╭─ Information given

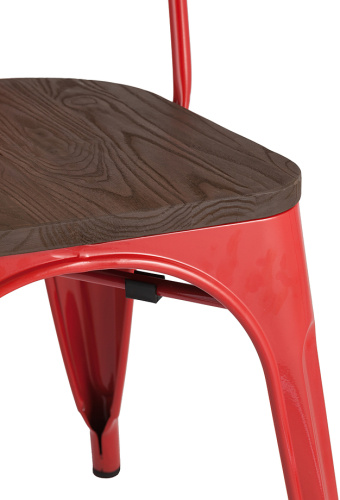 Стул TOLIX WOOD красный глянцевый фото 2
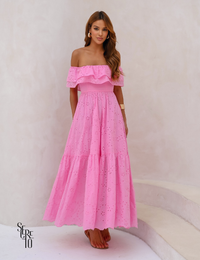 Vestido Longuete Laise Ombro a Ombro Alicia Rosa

╰─
╭─ Information given

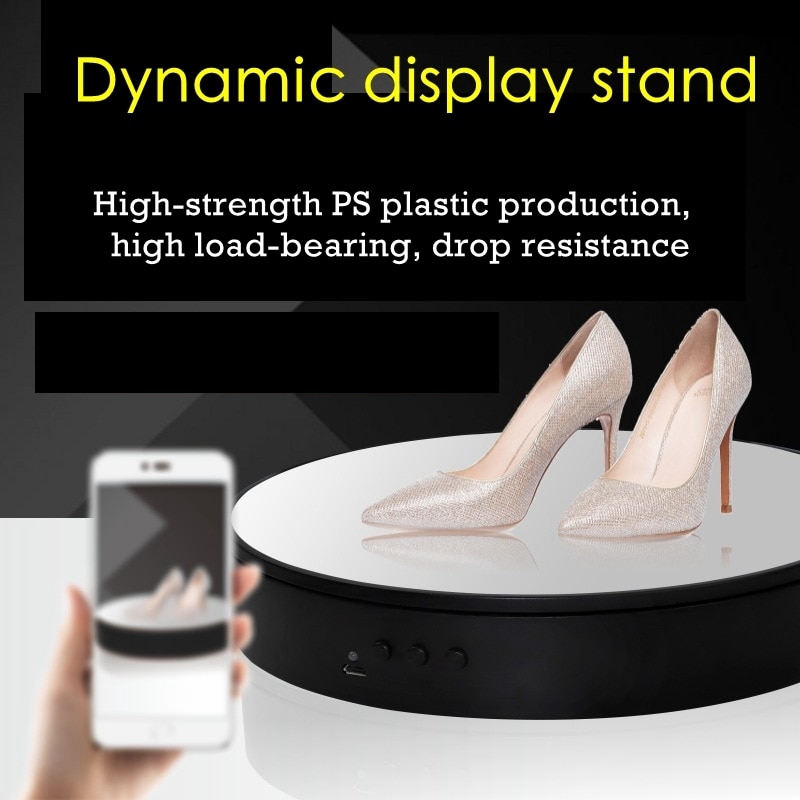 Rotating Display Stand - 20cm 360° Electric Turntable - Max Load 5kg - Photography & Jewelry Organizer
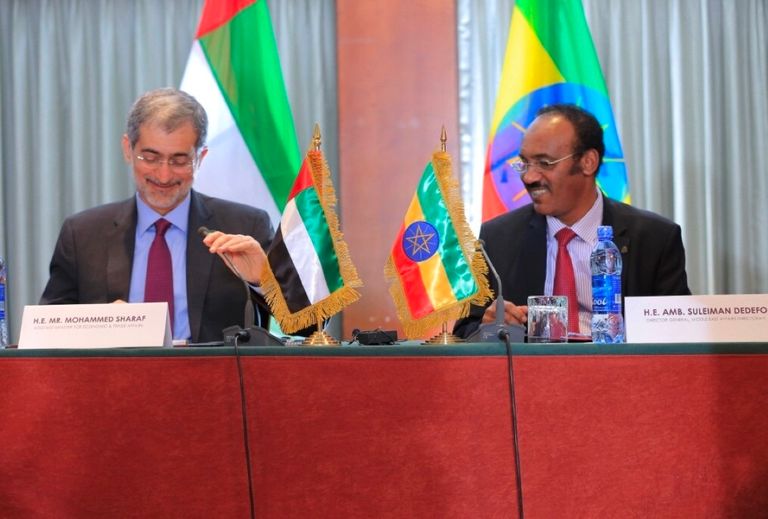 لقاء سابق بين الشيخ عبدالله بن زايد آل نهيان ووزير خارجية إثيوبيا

╰─
╭─ Information given

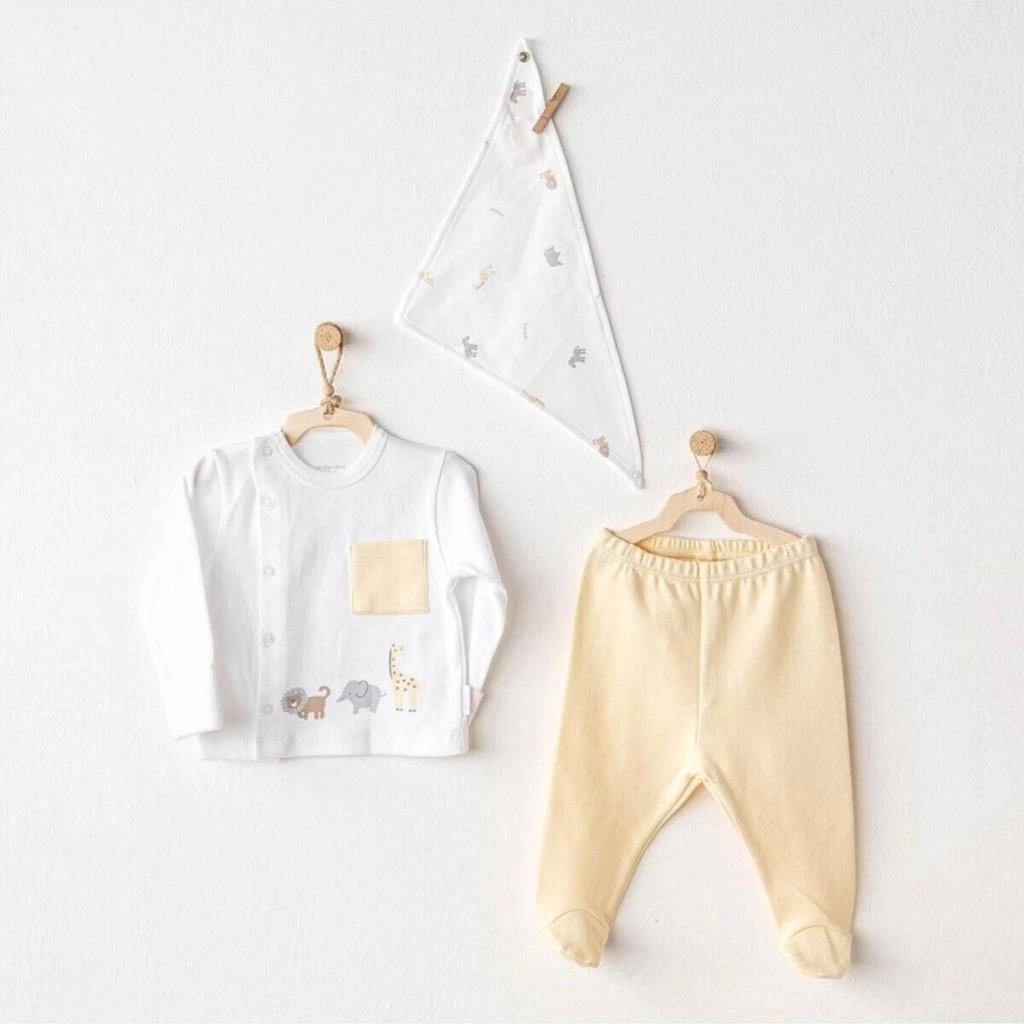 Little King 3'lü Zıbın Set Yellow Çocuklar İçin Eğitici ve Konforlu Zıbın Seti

╰─

__Problem__. Look above for the line containing "Стул TOLIX WOOD красный глянцевый фото 2" and the line containing "Vestido Longuete Laise", then reproduce both and everything between them exactly, pictures omitted.

__Response to the exercise__.
 Стул TOLIX WOOD красный глянцевый фото 2
 Vestido Longuete Laise Ombro a Ombro Alicia Rosa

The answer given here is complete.